NZINGA QUNTA: The Bidvest Group’s trading profit grew by 24.8% to R5.1 billion, and R1 billion of that was earned internationally over the six-month period ended December 31, 2021. Bidvest CEO Mpumi Madisa joins me. A very good evening to you. Thanks so much for your time on SAfm this evening. All divisions reported double-digit trading-profit growth. How was this achieved, especially in quite a challenging environment?
MPUMI MADISA: Good evening, and thank you very much. Good evening to all your listeners. We are very fortunate. We’ve presented a remarkable set of results, all six cylinders firing. Maybe just to highlight probably three or four areas where results were boosted, the first area is in relation to the maize-export programme. We are smack in the middle of our maize-export programme and in the first half of the year we handled about 1.3 million tons of maize. That was a significant contribution, in particular, to our freight division.
The second aspect of it is market-share gains. We’ve really seen significant market-share growth across most of our divisions. Just to contextualise it in South Africa, we made no acquisitions. The South African growth is all organic, not boosted by acquisitions at all, so there are significant market-share gains from a South African perspective.
Thirdly, we have seen an increase in volumes back into the office, which has been great. We’ve been waiting for this for two years. So there are structural shifts that we were backing within the prior year that have come back. So our businesses that provide products and services into offices performed better, much better than the prior year. Also linked to Covid travel restrictions and so on we’ve seen an easing. International travel is not back yet, but certainly domestic travel has been strong, and so our businesses that were down last year because of those Covid-related impacts have come back very strongly.
And then lastly, we did four acquisitions in the prior year. We concluded those acquisitions in the fourth quarter of the 2021 financial year. We’ve now had a full six-month contribution from those acquisitions.
NZINGA QUNTA: Mpumi, you’ve attributed these strong results in part to decentralised leadership and team structures.
MPUMI MADISA: Yes. The magic of Bidvest is really our decentralisation and our diversification, so we do have decentralised management teams. We’re very entrepreneurial. Our teams do operate and they’ve got autonomy, but we obviously do have a governance framework within which they operate. That’s really enabled us to be flexible and agile during this period. You can see the strong entrepreneurial flair coming through in the results.
And then obviously decentralisation. We touch so many parts of the economy, we touch so many industries and if generally there’s a partner that’s not performing, we have other industries that are performing. So our diversified portfolio really gives us a lot of strength.
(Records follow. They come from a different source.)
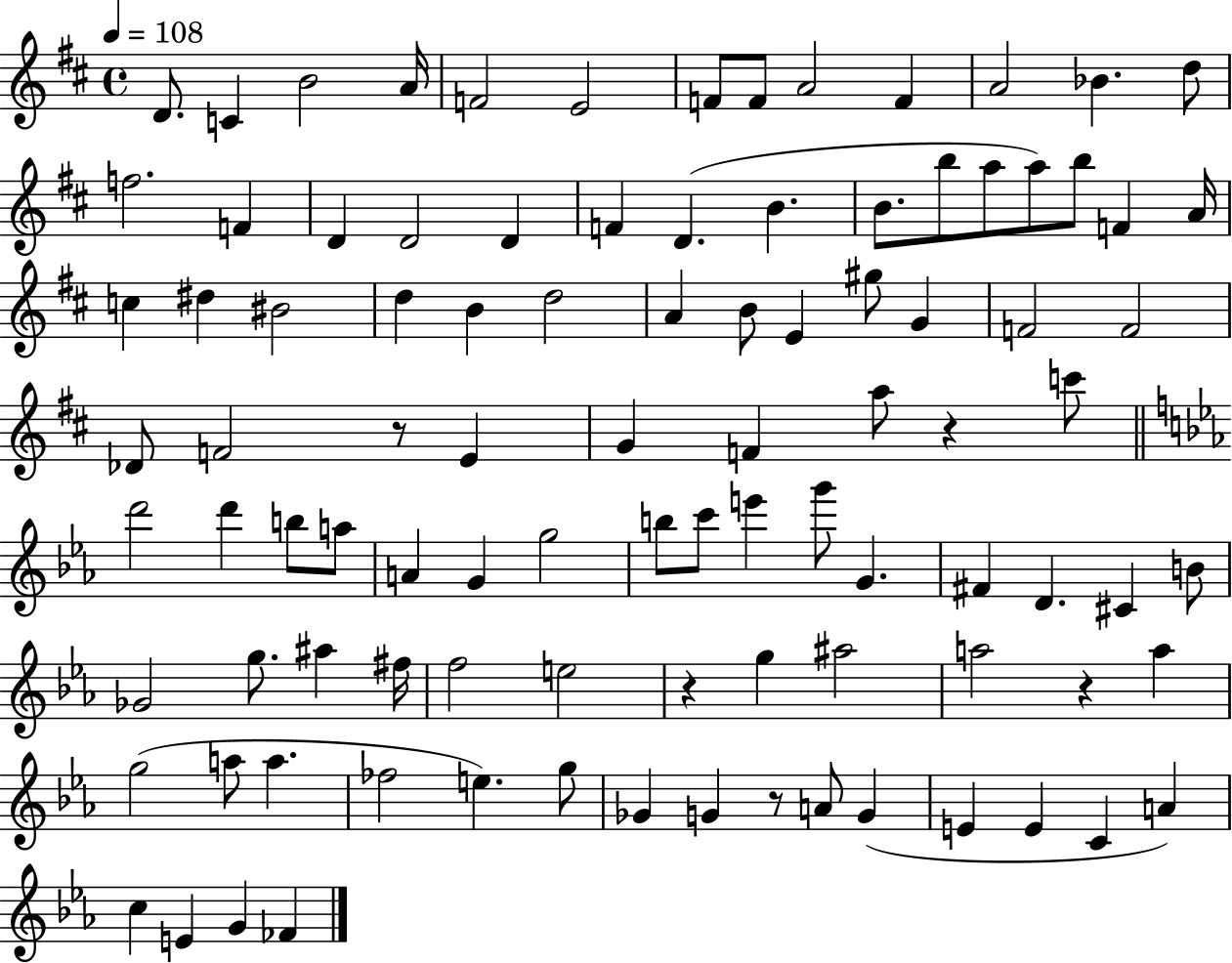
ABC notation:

X:1
T:Untitled
M:4/4
L:1/4
K:D
D/2 C B2 A/4 F2 E2 F/2 F/2 A2 F A2 _B d/2 f2 F D D2 D F D B B/2 b/2 a/2 a/2 b/2 F A/4 c ^d ^B2 d B d2 A B/2 E ^g/2 G F2 F2 _D/2 F2 z/2 E G F a/2 z c'/2 d'2 d' b/2 a/2 A G g2 b/2 c'/2 e' g'/2 G ^F D ^C B/2 _G2 g/2 ^a ^f/4 f2 e2 z g ^a2 a2 z a g2 a/2 a _f2 e g/2 _G G z/2 A/2 G E E C A c E G _F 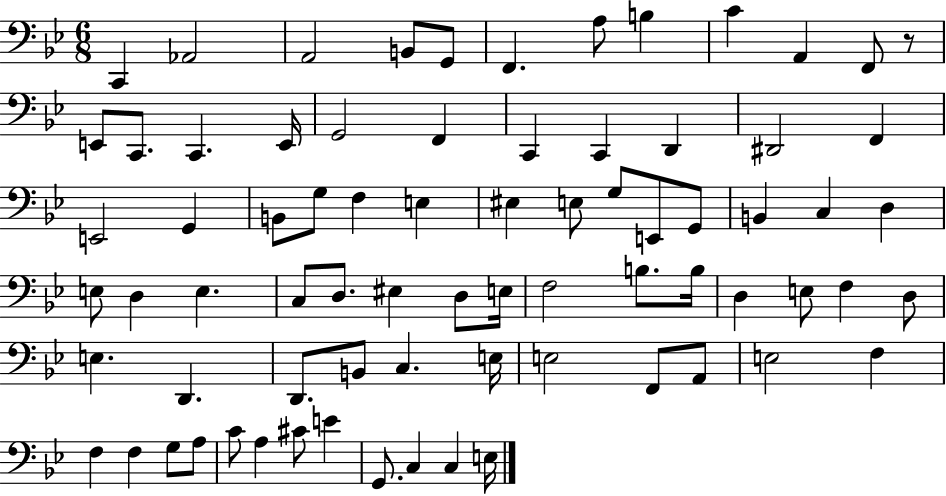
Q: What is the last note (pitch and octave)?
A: E3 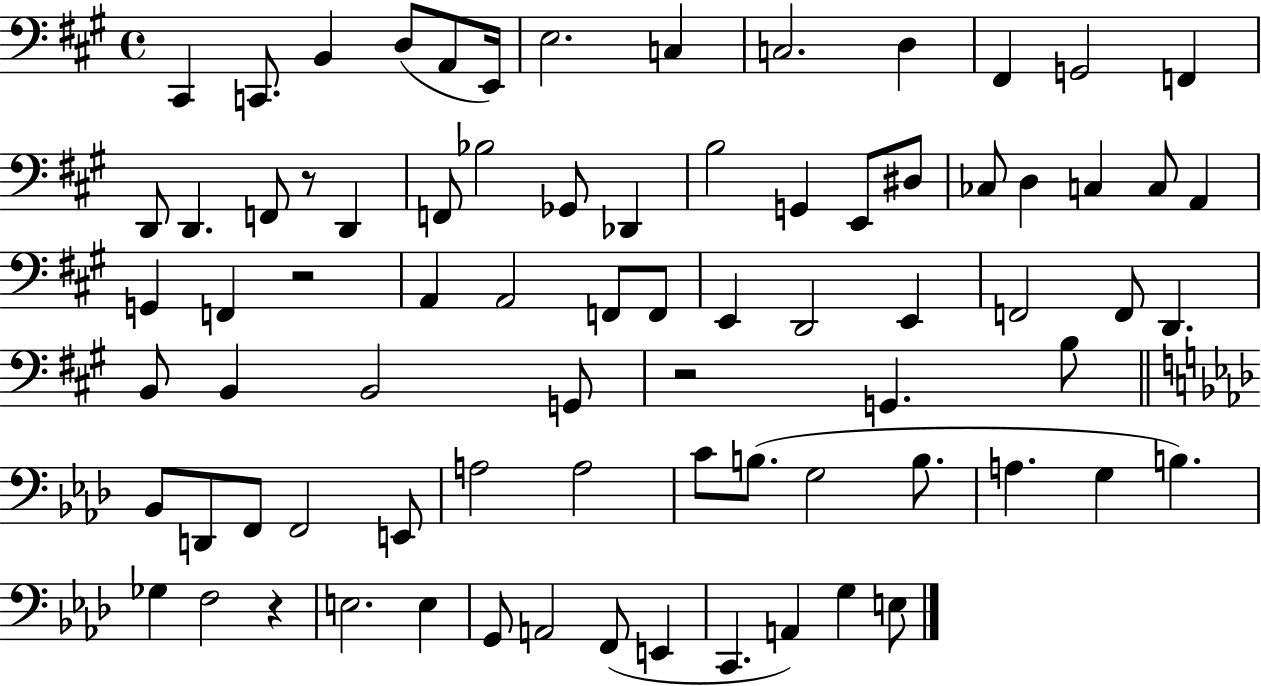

NZINGA QUNTA: Of the R5.1 billion trading profit, R1 billion was earned internationally. Talk to me about how the issuance of that US$800 million international bond kind of bolsters your financial capacity. Also, you’re looking to grow internationally. How are you planning to drive this strategy one month from now?
MPUMI MADISA: Yes, we raised $800 million on the international bond market. We’ve used about $500 million of that, just under that, to pay off debt both locally and offshore. So in terms of fire power for offshore acquisitions we are sitting now with about £372 million, and that’s a kind of, I suppose, war chest that we have. That doesn’t take into consideration untapped facilities that we have in South Africa.
How we go about that? We announced a restructure of the services division, which is really important to talk to our offshore growth strategies. We’ve identified three niche areas for international expansion, facilities management, hygiene and plumbing and related. Just in terms of the two areas of focus, FM and hygiene, those sit in our services division.
What we’ll be doing – and this is effective April 1 – is to have services international business whose sole focus is going to be on expanding our facilities management and hygiene operations offshore. We’ve made that division leaner. It now has capacity to absorb more businesses, and that management team now also has the capacity and the flexibility to be able to run. We’ve got a very nice pipeline and we’re going hopefully to see some corporate activity in the second half of the year.
NZINGA QUNTA: All right. There was a sense of optimism about demand and economic recovery, people going back to offices. Something that Bidvest has also spoken about was tenders. Now we are seeing reports that South Africa’s National Treasury DG, director-general, has asked all state organs not to advertise new tenders. How will that affect that kind of momentum that you’ve spoken about and you were excited about?
MPUMI MADISA: This is not known, but less than 5% of our revenue comes from the public sector.
NZINGA QUNTA: Okay.
MPUMI MADISA: More than 95% of our revenue is private-sector driven. There are key public-sector opportunities that we would go for. I hear what the DG is saying, which I hope will not close down those opportunities for triple-B, because we need to invest in the country. We need to invest in infrastructure projects. Certainly from a Bidvest perspective we’ll open, we want to co-invest. I just hope that that decision that he’s made doesn’t close that off because that’s important – not just for our own personal growth, but just in terms of boosting the economy and creating more jobs.
NZINGA QUNTA: Thank you so much for your time this evening. Bidvest CEO Mpumi Madisa joined me to talk about the group’s results.